Introduction
BenchX is a platform designed to streamline the evaluation and benchmarking of AI applications. At its core, BenchX:
- Offers a universal framework with a standardized interface for evaluating AI applications across diverse benchmarks.
- Orchestrates inference and evaluation of benchmark task samples, distributing them in isolated containers in the cloud, ensuring scalability and configurable concurrency.
- Gives complete control over benchmark execution, with options to stop, pause, and resume runs as needed.
- Provides real-time reports, offering detailed insights into individual evaluated samples and enabling side-by-side comparisons of the model's prediction against the ground truth.
- Integrates seamlessly with your model's source control provider, allowing you to track performance across different versions of your model.

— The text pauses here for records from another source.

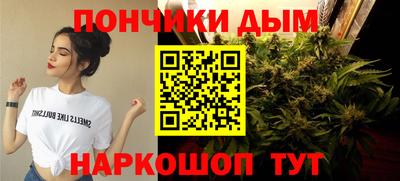 таблы Камышлов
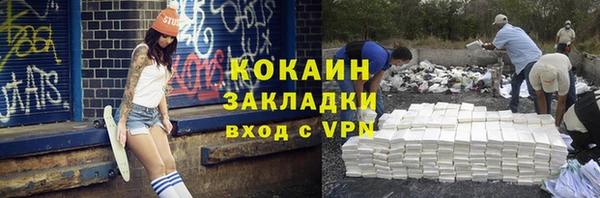 кокаин Приозерск
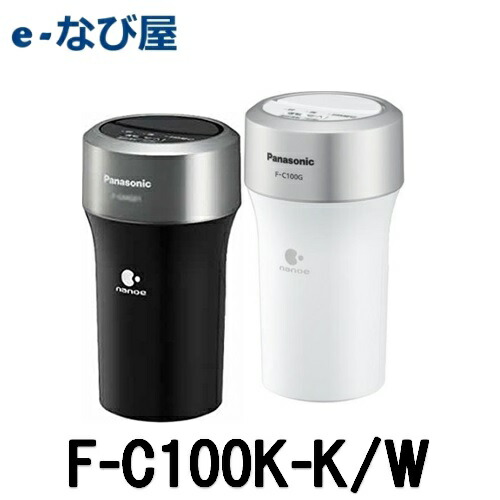 New限定品 車載用ナノイー発生機 パナソニックf C100k K クロームブラック F C100k W シャイニーホワイト カー用品の専門店 E なび屋 Nso Mn New限定品 車載用ナノイー発生機 パナソニックf C100k K クロームブラック F C100k W シャイニーホワイト カー用品の専門店 E なび屋 Nso Mn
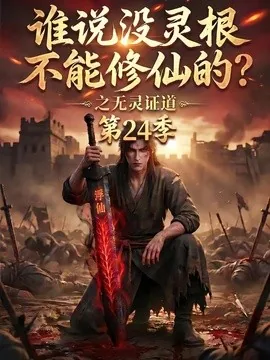 谁说没灵根不能修仙的？之无灵证道第24季（118集）AI短剧 (2026)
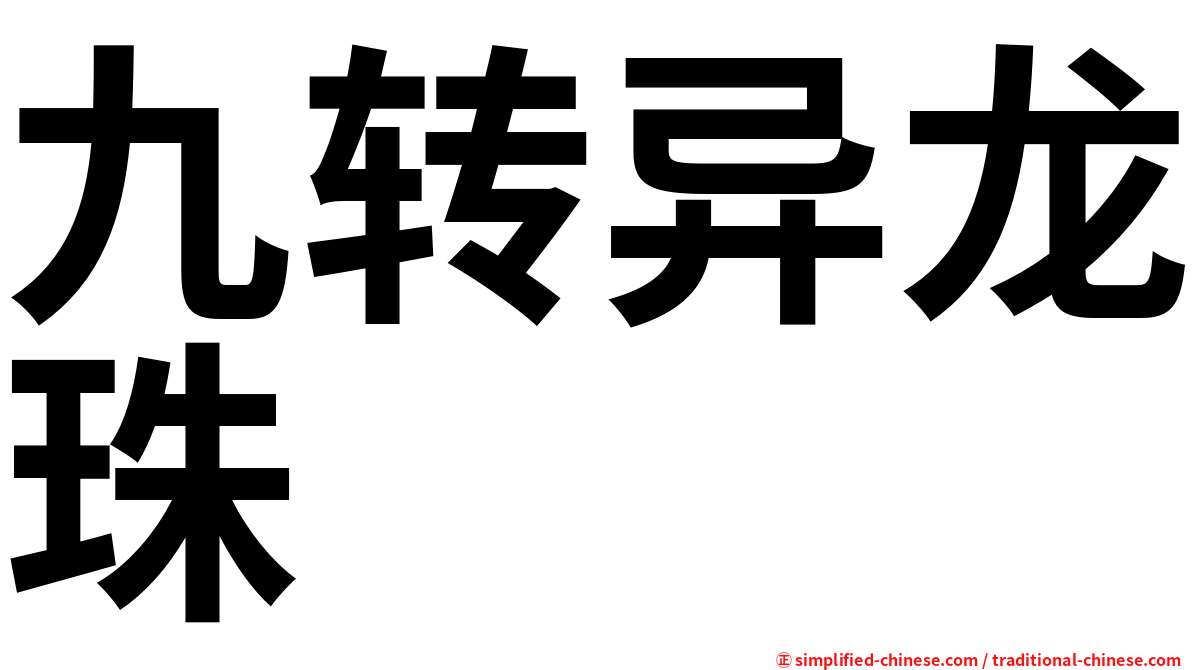 九转异龙珠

- Offers a public API, enabling you to run benchmarks as part of your CI/CD pipelines.
Core Concepts
AI Model
Also known as AI Agent, or AI Application, is the intelligent system designed to perform a specific task and is the subject of evaluation on BenchX.
Task execution
The act of running the AI model on a sample task to generate an output.
Task output
Also known as the prediction, refers to the output generated by the AI model when it is run on a sample task.
Expected output
The ideal output expected to be generated by the AI model when it is run on a sample task.
Task handler image
The docker image compatible with BenchX interface, containing the logic to run an AI model on a sample task.
Task handler repository
The source code repository that publishes a task handler image to BenchX upon each commit.
Evaluation
The process of comparing the model's output with the expected output to determine how well the model performed on a sample task.
Project
Defines a profile for running a certain benchmark against an AI model.
Benchmark
A collection of task sample that are collectively used to evaluate the overall performance of an AI Model on a certain task.
Task sample
A single instance of a task which consists of:
- Task instructions: A description of the task that the model is expected to perform.
- Context: A collection of input data or information associated with the given task sample. This could be unique for each task or shared across multiple tasks.
- Expected Output: The ideal ouput expected from the model when it is run on the given task sample.